UNDER THE WYOMING MOU, the Soviet Union gave the United States a detailed set of data declarations on its stockpiled chemical weapons and related development, production, and storage facilities. Despite Gorbachev’s rhetoric of glasnost, the Soviet declaration contained several major gaps, including a failure to mention the Foliant nerve agents and the Novichok binary formulations. In 1989–90, the Soviets conducted trials of Novichok-5 at the Chemical Research Institute in Nukus, Uzbekistan, and its open-air testing site on the Ustyurt Plateau, an expanse of arid desert several hundred miles west of the Aral Sea. The Kremlin intended to keep these top secret activities under wraps in order to preserve its technological advantage. This gambit probably would have succeeded, had it not been for the courageous decision by a senior scientist at GosNIIOKhT to disclose the institute’s most explosive secrets to the outside world.

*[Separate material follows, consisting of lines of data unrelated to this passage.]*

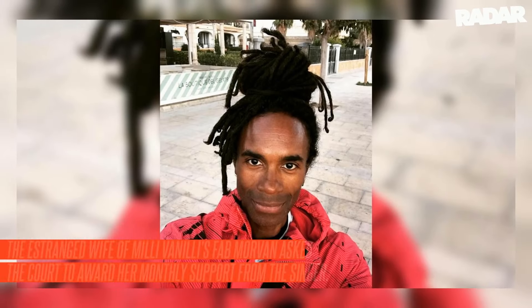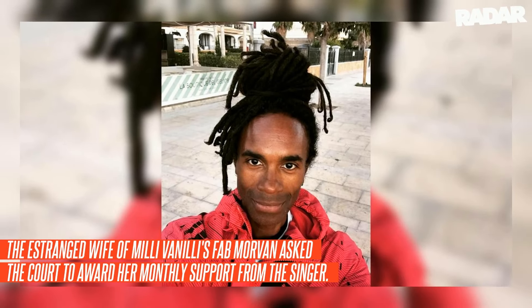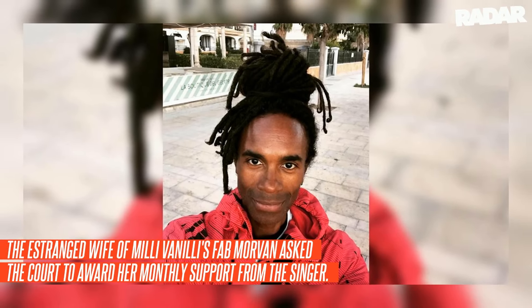The estranged wife of Milli Vanilli's Fab Morvan asked the court to award her monthly support from the singer. According to the divorce petition obtained by RadarOnline.com, Kim Marlowe listed the date of marriage as December 3rd, 1998 and the date of separation as January 2nd, 2024.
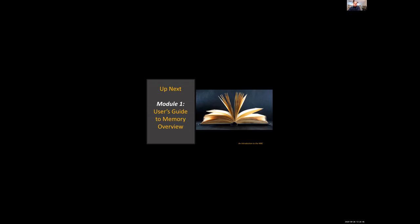Up next will be module one, a user's guide to memory, an overview. Really look forward to the opportunity to be able to talk with you all more. Hope you have fun, bye for now.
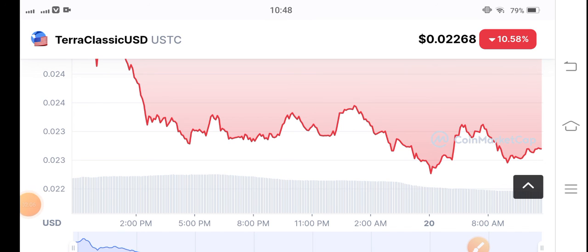My prediction is negative — I believe it will dump further, and that's why I recommend opening a short entry. What's your opinion and your prediction? Share it in the comment box.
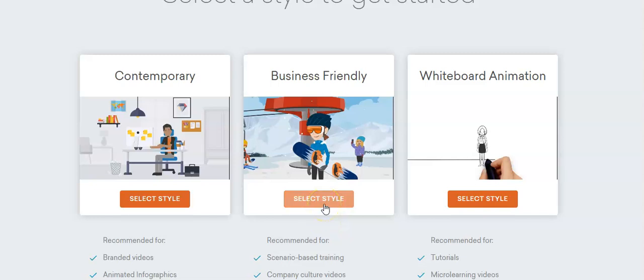Hi guys, welcome back to another video on Beyond Studio Tutorial. Today I'm going to show you how to use Beyond templates to create animation in five minutes. So let's get started. We're gonna use this business-friendly one.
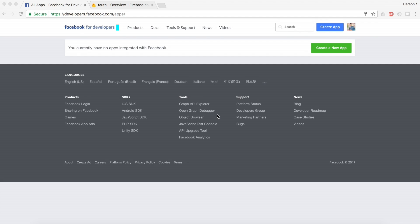Hey YouTube, this is a tutorial from Trending Codes. In this video we're going to look at how to implement Facebook authentication with the help of Firebase. The reason I'm doing this video is because one of my subscribers requested me to do a video on Facebook authentication, so on that request I'm doing this.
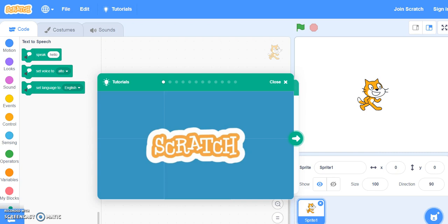One of the nice things about this activity was the opportunity to make it my own. I could add or subtract characters and have them do whatever I wanted them to do.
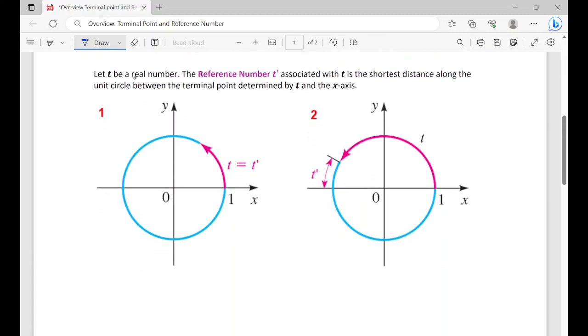Now let t be a real number. The reference number, denoted t prime, is associated with t and is the shortest distance along the unit circle between the terminal point determined by t and the x-axis. For example, if we start at (1, 0) and stop in quadrant one, the shortest distance back to the x-axis is t prime — that is our reference number.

Vil Sultanovich Mirzayanov was born in a small Russian town on the European side of the Ural Mountains. He was a member of the Tatar minority, a Turkic-speaking, mostly Muslim ethnic group that had experienced a long history of persecution. As a young man, he showed an aptitude for math and science and was admitted to the Moscow State Academy of Fine Chemical Technology, where he earned a degree in petroleum-refinery engineering in 1958. He was then hired by a state research institute on synthetic fuels, moving after a few years to another institute involved in the development and production of boranes as rocket propellants. He also began his doctoral studies in chemistry at the Institute of Petrochemistry of the Soviet Academy of Sciences, where he wrote a dissertation on the chromatographic analysis of trace concentrations of chemical compounds.
After Mirzayanov successfully defended his thesis in 1965, one of the members of his doctoral committee recommended him for a job at GosNIIOKHT. Although he had already obtained a security clearance for his work on boranes, the new position required a more rigorous background investigation that took three months to complete. Finally the clearance was approved and Vil joined the technical staff at GosNIIOKhT in 1966, at the age of thirty. His first assignment was to monitor toxic emissions from the laboratory into the Moscow air and water, and to perform chromatographic analyses of the various chemical warfare agents under development.